But only if we let it.

My angiogram is tomorrow. Wish me luck! But either way it goes – I’m sure I’ll be fine. At the very least, I’ll be happy.

An Update:

What’s going on now, written on the morning of the second day after I wrote this.

I managed to expedite my angiogram to Friday (the day after I wrote this) in order to get on top of it ASAP and start getting my treatment. When I went to see him though, I noticed concern on his face. After a few minutes of checking my eyes, he concernedly said,

“I think you need to go to Sydney Eye Hospital emergency.”

“Your optic nerve (responsible for taking signals from the back of your eye to the brain) seems to be a little swollen too now. Either that or it may be affected by it soon, as there is some near there…”

“And the retina, which does the main job of seeing and capturing vision looks pale around the center too…”

“I don’t know what is exactly causing it… I don’t know if it’s bad. But you’ll need a high dose of steroids, with constant monitoring I think…”

Obviously, I was concerned. Not only by the tone of his voice, but by what he said.

The paleness possibly meant ischaemia, or cell death. Once cells die in some regions of the body… they don’t grow back. And from my recollection… the eye wasn’t one of them… And the optic nerve swelling too… that could mean complete vision loss in the left eye…

So we raced over there, were seen, and after a bit of a scuffle, and phone calls made to my haematologists (as they have mainly eye specialists on deck there they were unfamiliar with my condition and what medications I could/couldn’t take) – I was admitted and given some methylprednisone.

That alone wasn’t easy… I was up til 3 and woke up at 6:30.

But the eye doctor’s next visit and check-up were much harder.

My worst fear was confirmed.

There was no blood supply in the central region of my vision. A lot of vision there is nearly completely lost.

There is still some. I can still see. But only hand movements from a few feet away. My peripheral vision is slightly better – but it’s still peripheral vision, I can probably read HUGE letters nearby, and see shapes, which peripheral vision is supposed to do.

But it STILL sucks.

I dunno if I can play basketball again, ride a bike safely, drive. I don’t know how it’ll affect my ability to read or write – probably… well, hopefully, it won’t do so too much.

I don’t know what caused it…

So I don’t know if it’ll happen elsewhere.
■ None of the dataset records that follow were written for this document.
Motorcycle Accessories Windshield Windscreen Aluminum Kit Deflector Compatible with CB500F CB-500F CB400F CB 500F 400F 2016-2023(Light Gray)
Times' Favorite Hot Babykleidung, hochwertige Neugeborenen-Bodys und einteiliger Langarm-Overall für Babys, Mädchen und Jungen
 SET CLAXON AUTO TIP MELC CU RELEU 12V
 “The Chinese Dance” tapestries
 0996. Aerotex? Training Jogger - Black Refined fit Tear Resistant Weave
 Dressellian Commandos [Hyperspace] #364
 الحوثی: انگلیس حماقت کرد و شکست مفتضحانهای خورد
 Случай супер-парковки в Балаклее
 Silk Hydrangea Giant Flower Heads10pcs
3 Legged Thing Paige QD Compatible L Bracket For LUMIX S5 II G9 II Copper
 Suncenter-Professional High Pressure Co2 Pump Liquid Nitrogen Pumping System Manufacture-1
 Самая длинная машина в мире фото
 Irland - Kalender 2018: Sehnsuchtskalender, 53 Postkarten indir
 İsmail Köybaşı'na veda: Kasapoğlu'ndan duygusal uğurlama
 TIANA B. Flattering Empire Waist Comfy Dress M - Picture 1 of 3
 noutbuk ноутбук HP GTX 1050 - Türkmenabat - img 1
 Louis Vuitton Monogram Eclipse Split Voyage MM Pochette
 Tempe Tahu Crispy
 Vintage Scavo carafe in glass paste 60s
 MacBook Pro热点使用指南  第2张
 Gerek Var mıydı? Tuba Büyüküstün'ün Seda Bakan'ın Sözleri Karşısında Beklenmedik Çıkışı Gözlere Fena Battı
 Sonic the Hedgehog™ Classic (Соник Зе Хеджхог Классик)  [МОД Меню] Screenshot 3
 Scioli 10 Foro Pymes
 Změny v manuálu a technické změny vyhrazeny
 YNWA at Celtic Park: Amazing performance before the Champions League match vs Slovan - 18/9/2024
Even in my other eye… sometime in the future.

But at the same time, there are some things I do know…

I’m a beast.

What REALLY matters is still there.

I can still see. I can still think and learn.

I can still smile.

It’s happened now. I can’t change that. Even while I was getting the news… I was taking a step back, asking WHY of my doubts and fear and taking all those negative emotions away. I accepted what had happened, and was thinking about what I could do, what I should ask, instead of doing things that’d only make it worse; panicking and falling apart. I was focusing on what I could control instead of what I couldn’t. My future.

I’ve become adept at doing that.

You may be thinking, ” You’re so brave, so courageous, so inspiring to have done that! “

But really… and I’ve said this before… this attitude, it didn’t take bravery, courage, willpower or strength to put on!

All it takes are a few simple steps – a few simple things that everyone does nearly every day too. All I do is apply them to not-so-everyday situations.

All I did was:

1) Take a step back from my emotions and fear, and just analyse what I did… without emotions blocking my best judgement.

2) All the fears, the anxiety, the panic I had, I questioned, until I saw that most of them weren’t really doing anything. The ones that were, I questioned again…
3) Until I could see a better, more constructive way of looking at things and pursuing my future. I asked as many, correct questions as I could of the person that knew; my doctor, as I could to help get me there.

I talked about this more in that talk I showed above… But I mean you do this kinda thing everyday – every night before you sleep, you probably look over what you did, your interactions, some awkward situations and try to think what happened. You do it when looking in hindsight, and when you learn from mistakes.

You do it when you think about how to best approach a test, or a job interview, or a game.

Well, the latter you may not do now… You can do that to get better and achieve what you wanna achieve… but the others you definitely do.

I didn’t do anything special… I just made them work for me instead of against me.

All I did was get MY mind on MY side.

A talk I did on this in the middle of this crisis

And if there’s anything you can take away from this… yourself and to your friends/family (by sharing my experience!) – I hope you use this to get YOUR MIND ON YOUR SIDE too.

Feel free contact me about this, or anything you may be going through – contact details on the side and here:
email: [email protected]
Facebook: www.facebook.com/musingsofamedstudentpatient

Another update:

So for a while they were suspecting the venous occlusion happened causing all this. But more recently, my ophthalmologists started believing it was my optic nerve that started the issue. It looked especially swollen when I went in to see them the Monday after (6 days after this) and we had to rule out any leukaemia relapse causing this…

So I had 2 MRIs and, more recently, a lumbar puncture to rule out the worst.

And I’m happy to announce, that it’s at least not that causing this all! Which is AMAZING NEWS!!!

Thanks to everyone who’s been supporting me through this – especially those amazing strangers, and those I’ve helped before, who sent very personalised words of encouragement and advice through all this!

To the amazing doctors and nurses – who not only got me through this medically, but managed to care for me through it all. All you guys, especially those who I bugged at midnight a few nights when it was really a crisis (and all of you messaged back giving me info and advice on what to do – EACH AND EVERY ONE!) – The biggest, most sincere THANKS for being the kind of people I talked about here – the kind of people

We All NEED to be.

Thanks to my family too – THANKS – something I can never say enough

But I will NEVER STOP SAYING.

February 18, 2018
How We Prepare To Feed 10billion People. My Essay Response.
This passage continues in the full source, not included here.